Vince Cable faces political battering as Royal Mail mulls Moya Greene pay rise
Jim Armitage is the City editor of The Independent and London Evening Standard group of newspapers. He has been a reporter and editor for more than 20 years and was recently shortlisted for the Press Gazette financial journalist of the year and The Society of Editors financial journalist of the year awards. He contributes news, investigative reports and comment to the Independent titles plus a daily column in the Evening Standard.
Monday 20 January 2014
Vince Cable was potentially heading towards another political battering over the flotation of Royal Mail today as the chairman said it should give its chief executive a pay rise beyond her present £1.25 million package.

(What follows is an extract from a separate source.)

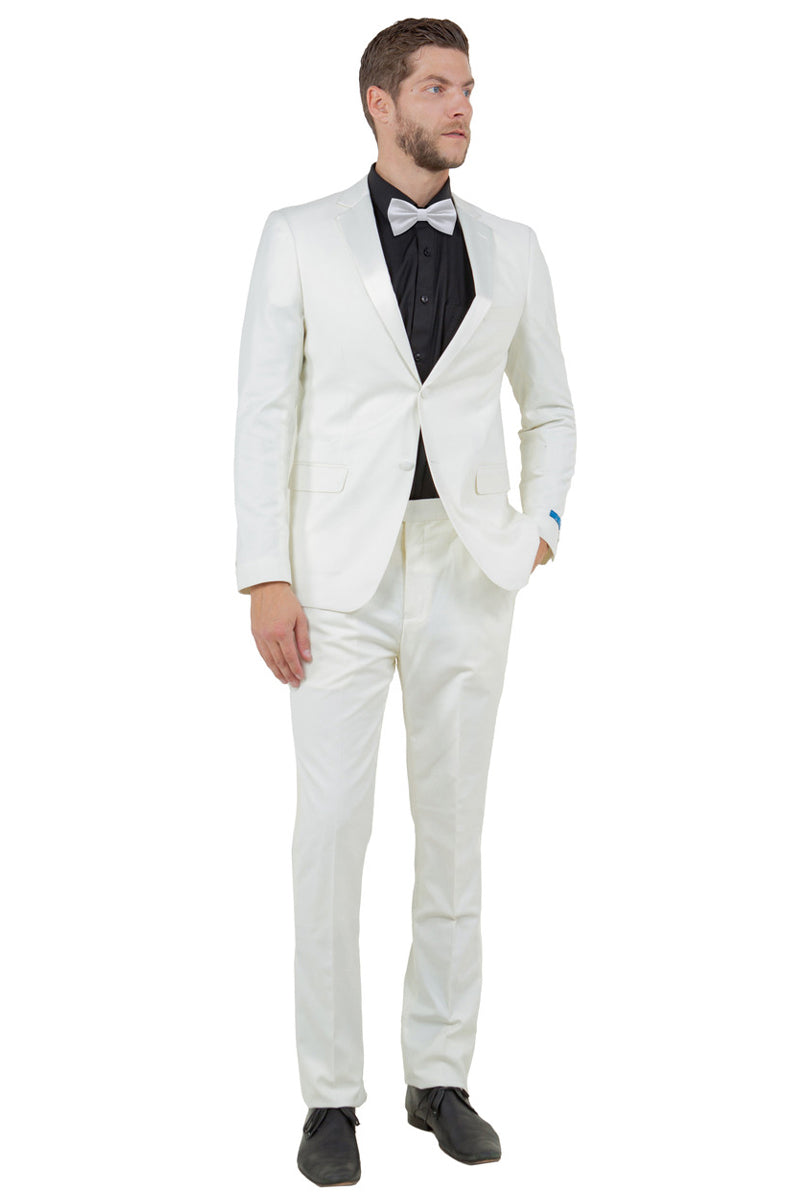 Men's Ivory Slim Fit Two Button Tuxedo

Donald Brydon said because Moya Greene’s deal was negotiated under a "overnment-controlled pay structure" it was artificially low compared with other Footsie bosses. Now the business is a FTSE 100 company, it must pay her significantly more or risk losing her, he said.

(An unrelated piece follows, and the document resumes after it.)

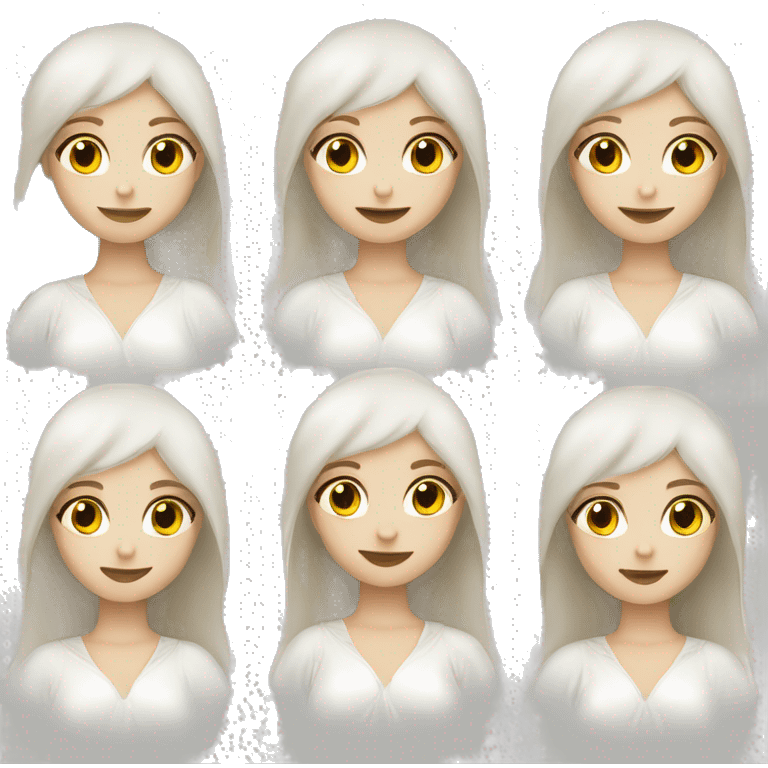 Six white Caucasian girls in ghost costumes Caucasian white  emoji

However, Cable, who as Business Secretary already faced accusations of botching the privatisation by selling the postal service too cheaply, has been vocal in his criticisms of City bonus culture.
As the taxpayer, represented by Cable, is still by far the biggest shareholder, it will be up to Cable whether to approve the recommendations of the Royal Mail’s remuneration committee on Greene’s pay. If he were to approve an inflation-busting package far north of £1.25 million, he would face bruising criticisms.
Unite union’s national officer, Ian Tonks said: "Calls to boost Moya Greene’s huge salary even further is proof the rushed privatisation of Royal Mail is descending into a farce. The Government should step in and make clear it opposes this sort of corporate greed."
Given Brydon is on the remuneration committee, led by former McKinsey partner Orna Ni-Chionna, his comments were taken as a clear sign that a big pay rise for Greene, pictured, is likely.
Sources at the Department for Business, Innovation and Skills pointed that Cable had been consistent in calling for bonuses to be based on long-term performance. The board could, therefore, head off some of the embarrassment for him by creating unusually lengthy performance criteria.